• Assignment: Among the entries below, take the line with "Muertos Fall Decoration" and the line with "Rewe prospekt Berlin", and output them and every line between them exactly, with nothing else.

• Entries provided:
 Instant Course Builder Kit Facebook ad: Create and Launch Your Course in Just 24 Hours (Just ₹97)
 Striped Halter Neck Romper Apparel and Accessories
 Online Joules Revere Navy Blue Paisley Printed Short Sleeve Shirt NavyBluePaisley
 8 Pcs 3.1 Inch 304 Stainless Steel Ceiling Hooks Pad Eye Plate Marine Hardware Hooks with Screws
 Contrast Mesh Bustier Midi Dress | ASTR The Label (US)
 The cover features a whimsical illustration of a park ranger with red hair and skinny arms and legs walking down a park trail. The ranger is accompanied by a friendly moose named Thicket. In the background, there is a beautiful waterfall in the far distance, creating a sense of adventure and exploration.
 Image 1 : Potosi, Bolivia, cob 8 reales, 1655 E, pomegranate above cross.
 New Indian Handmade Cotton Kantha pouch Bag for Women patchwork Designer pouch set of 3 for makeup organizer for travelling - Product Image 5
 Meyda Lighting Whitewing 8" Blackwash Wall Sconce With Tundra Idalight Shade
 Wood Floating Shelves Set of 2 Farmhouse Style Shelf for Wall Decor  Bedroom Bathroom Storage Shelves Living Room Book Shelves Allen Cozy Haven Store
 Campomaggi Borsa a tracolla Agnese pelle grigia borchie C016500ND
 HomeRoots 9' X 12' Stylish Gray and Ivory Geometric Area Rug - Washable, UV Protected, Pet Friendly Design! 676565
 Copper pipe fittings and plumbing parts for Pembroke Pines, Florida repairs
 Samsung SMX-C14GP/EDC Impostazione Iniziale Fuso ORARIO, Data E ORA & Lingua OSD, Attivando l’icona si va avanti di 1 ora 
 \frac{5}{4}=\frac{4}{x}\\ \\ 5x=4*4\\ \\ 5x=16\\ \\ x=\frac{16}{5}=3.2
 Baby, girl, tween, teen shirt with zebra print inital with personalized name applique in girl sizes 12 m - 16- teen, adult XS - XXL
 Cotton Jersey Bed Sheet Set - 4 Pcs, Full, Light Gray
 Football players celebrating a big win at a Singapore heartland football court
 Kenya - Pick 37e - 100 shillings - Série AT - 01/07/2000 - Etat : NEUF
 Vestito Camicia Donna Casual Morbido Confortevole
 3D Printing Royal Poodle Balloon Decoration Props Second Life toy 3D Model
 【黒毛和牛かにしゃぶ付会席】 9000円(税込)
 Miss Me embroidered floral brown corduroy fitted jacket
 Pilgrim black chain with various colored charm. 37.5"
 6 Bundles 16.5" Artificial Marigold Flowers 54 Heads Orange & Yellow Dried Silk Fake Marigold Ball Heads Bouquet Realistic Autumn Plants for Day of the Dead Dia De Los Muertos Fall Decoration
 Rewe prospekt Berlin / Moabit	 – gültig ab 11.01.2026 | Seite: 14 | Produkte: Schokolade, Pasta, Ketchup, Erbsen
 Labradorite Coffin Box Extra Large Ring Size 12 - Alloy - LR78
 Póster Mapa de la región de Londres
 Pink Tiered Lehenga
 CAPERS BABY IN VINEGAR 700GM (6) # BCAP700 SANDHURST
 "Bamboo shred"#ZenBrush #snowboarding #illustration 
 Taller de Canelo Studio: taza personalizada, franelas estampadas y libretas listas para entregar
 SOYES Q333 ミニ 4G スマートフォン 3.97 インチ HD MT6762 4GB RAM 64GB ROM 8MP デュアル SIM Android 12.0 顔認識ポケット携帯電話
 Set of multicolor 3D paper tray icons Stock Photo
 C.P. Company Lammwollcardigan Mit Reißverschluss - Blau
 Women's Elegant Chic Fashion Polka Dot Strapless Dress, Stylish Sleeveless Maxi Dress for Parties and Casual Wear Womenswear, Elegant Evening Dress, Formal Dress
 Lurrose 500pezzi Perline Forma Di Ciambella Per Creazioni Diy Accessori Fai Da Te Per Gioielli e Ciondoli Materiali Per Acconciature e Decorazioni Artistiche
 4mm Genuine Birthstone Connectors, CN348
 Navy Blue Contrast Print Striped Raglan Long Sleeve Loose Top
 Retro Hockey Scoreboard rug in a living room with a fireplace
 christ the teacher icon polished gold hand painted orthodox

• Problem solution:
 6 Bundles 16.5" Artificial Marigold Flowers 54 Heads Orange & Yellow Dried Silk Fake Marigold Ball Heads Bouquet Realistic Autumn Plants for Day of the Dead Dia De Los Muertos Fall Decoration
 Rewe prospekt Berlin / Moabit	 – gültig ab 11.01.2026 | Seite: 14 | Produkte: Schokolade, Pasta, Ketchup, Erbsen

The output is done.